KALAU para ekonom biasa bicara inflasi, ada yang tanya, apakah hal itu dapat terjadi pada manusia? Entahlah, tapi mungkin ini bisa memberi sedikit gambaran yang mendekati hal itu.
Kata para ahli komunikasi, dari Aristoteles sampai zaman kiwari, jika ingin komunikasi Anda efektif, sebagai pembicara atau penulis, maka Anda harus berusaha persuasif.
Sebab kalau tidak efektif, maka pesan Anda itu sia-sia. (Saya lalu ingat pesan seorang ustadz, yang pertama melakukan kesia-siaan itu adalah setan).
Supaya pesan Anda persuasif, artinya pesan itu menyebabkan munculnya ‘engagement’ di media sosial atau membawa dampak, maka setiap komunikator (atau ‘rhetor,’ dalam istilah zaman Aristoteles) mesti mempertimbangkan audiens mereka, dan mengenali benar siapa audiens itu.
"Bicaralah sesuai dengan kadar pikiran audiens Anda," kata adagium Arab.

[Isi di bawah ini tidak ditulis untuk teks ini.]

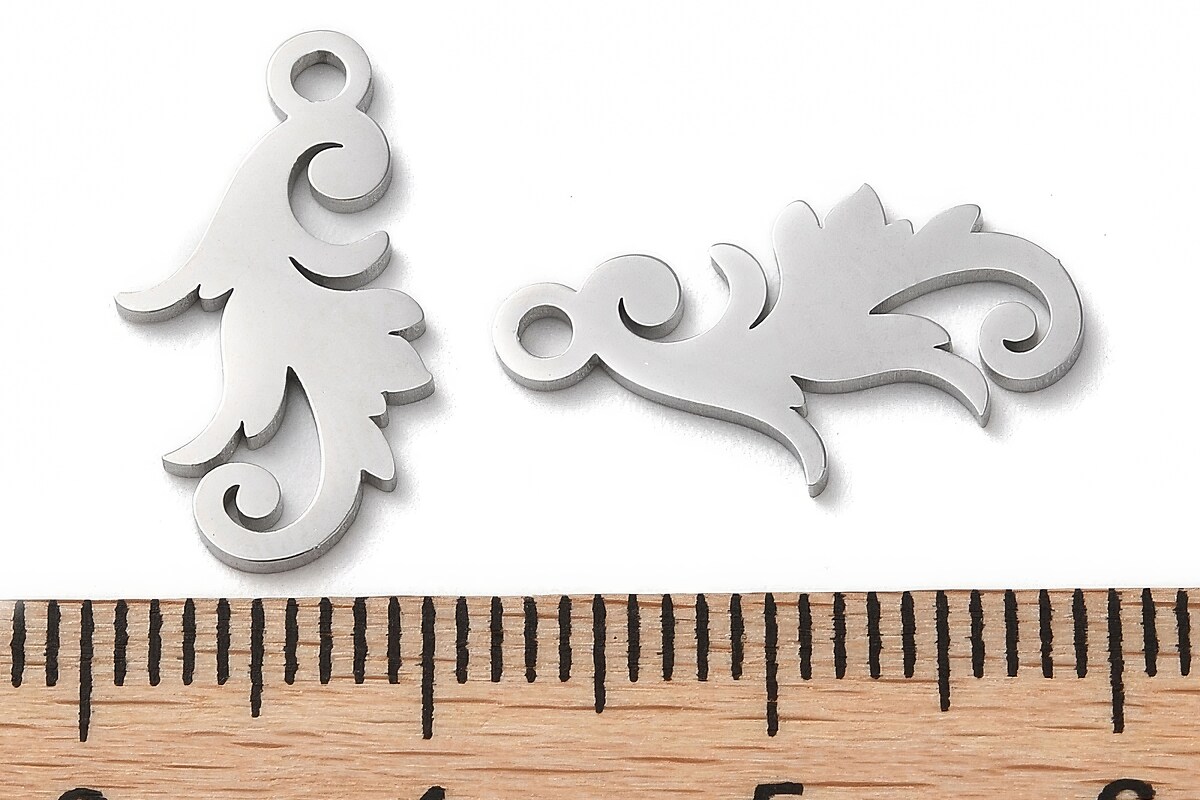 Pandantiv otel inoxidabil 304, frunza 17,5x10mm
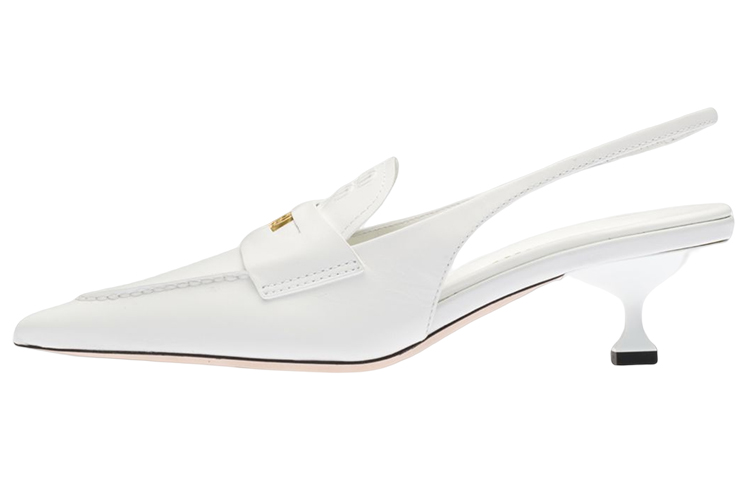 Buy MIU MIU 缪缪 Penny 皮革 便士套脚 高跟鞋 女款 白色
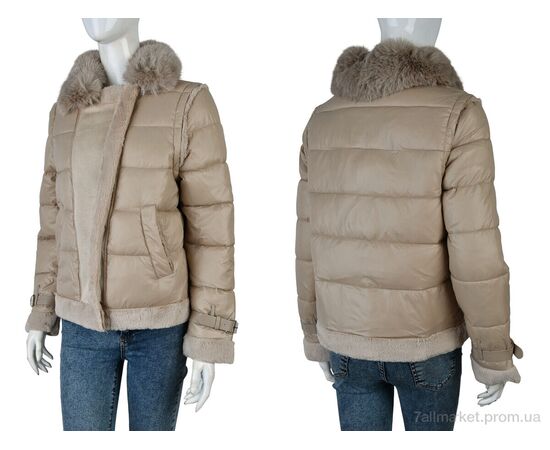 Куртка жіноча Зима 349 (12056) d.beige (4 шт. р.сіткаM-L) "Obuvok" недорого оптом від прямого постачальника, зображення 3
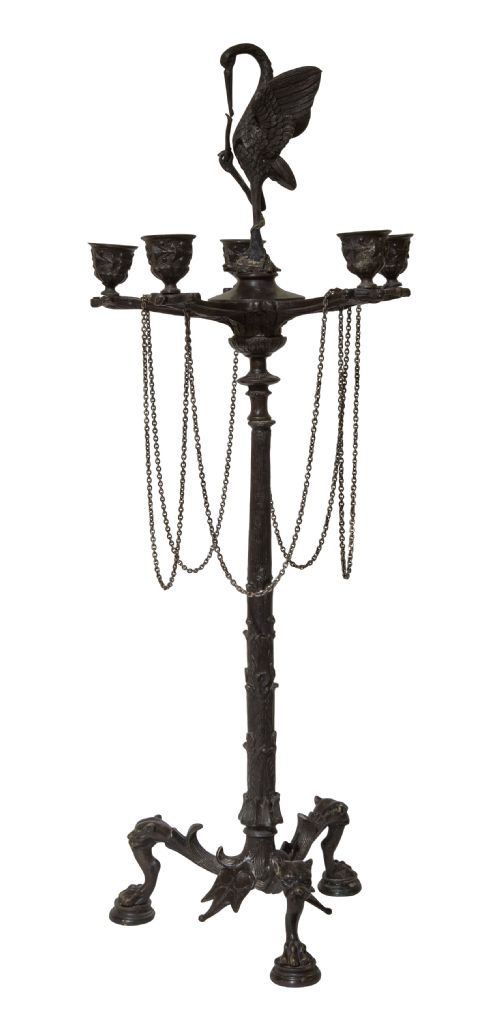 19thc Bronze Six Light Candelabra Surmounted by a Stork with a Snake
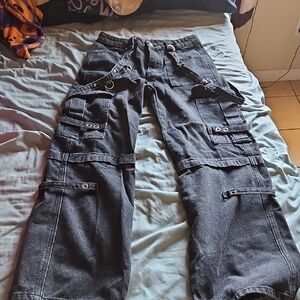 Dark Grey Cargo Jeans with Straps NEVER WORN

Nah, kunci persuasi ada tiga. Pertama, sang rhetor (pengirim pesan atau komunikator) punya ethos, yakni semacam kredibilitas diri.
Dokter, misalnya, punya ethos untuk bicara tentang kesehatan, sedangkan ethos dalam diri akuntan jelas ketika dia bicara perkara keuangan.
Kedua, pembicaraan itu mesti punya “argumen” yang dapat diterima akal sehat atau logos.
Kedua unsur itu menjadi syarat persuasi, agar kita dapat memengaruhi audiens, misalnya, memunculkan rasa senang, puas, gembira, rasa iba, kasihan, sedih — tergantung tujuan yang diinginkan dalam pengiriman pesan itu. Emosi yang muncul dalam diri audiens disebut pathos.
Elemen ketiga yang disebut pathos itu menjadi penanda bahwa pesan Anda efektif. Sebab Anda berhasil memantik emosi atau perasaan yang diajak bicara atau pembaca pesan Anda (ingat kata "pathy" dalam simpati atau empati, atau antipati?)
Sejatinya semua pesan yang disajikan melalui media (media sosial, radio, suratkabar, televisi, bahkan film), lazimnya punya tujuan memantik timbulnya emosi dalam diri audiens, pendengar, pembaca atau penonton?
Hanya dengan adanya pathos sajalah, pesan yang masuk akal (logis) oleh seorang yang punya ethos bisa menghasilkan dampak yang diharapkan.
Walakin masalahnya, ethos dapat berubah-ubah, bisa naik bisa turun. Ethos Anda meningkat, misalnya, karena ada rekomendasi dari orang lain.
Jika ada teman yang bilang, ”Dokter A itu jago lho, dan ia satu dari sedikit ahli dalam urusan penyakit jantung,” misalnya, maka ethos dokter A di mata pendengarnya akan naik.
Sebaliknya, jika ada informasi negatif terkait seseorang yang muncul belakangan, misalnya, informasi bahwa seorang rhetor sering ingkar janji, atau pembohong, maka ethos-nya di mata audiens pun menurun.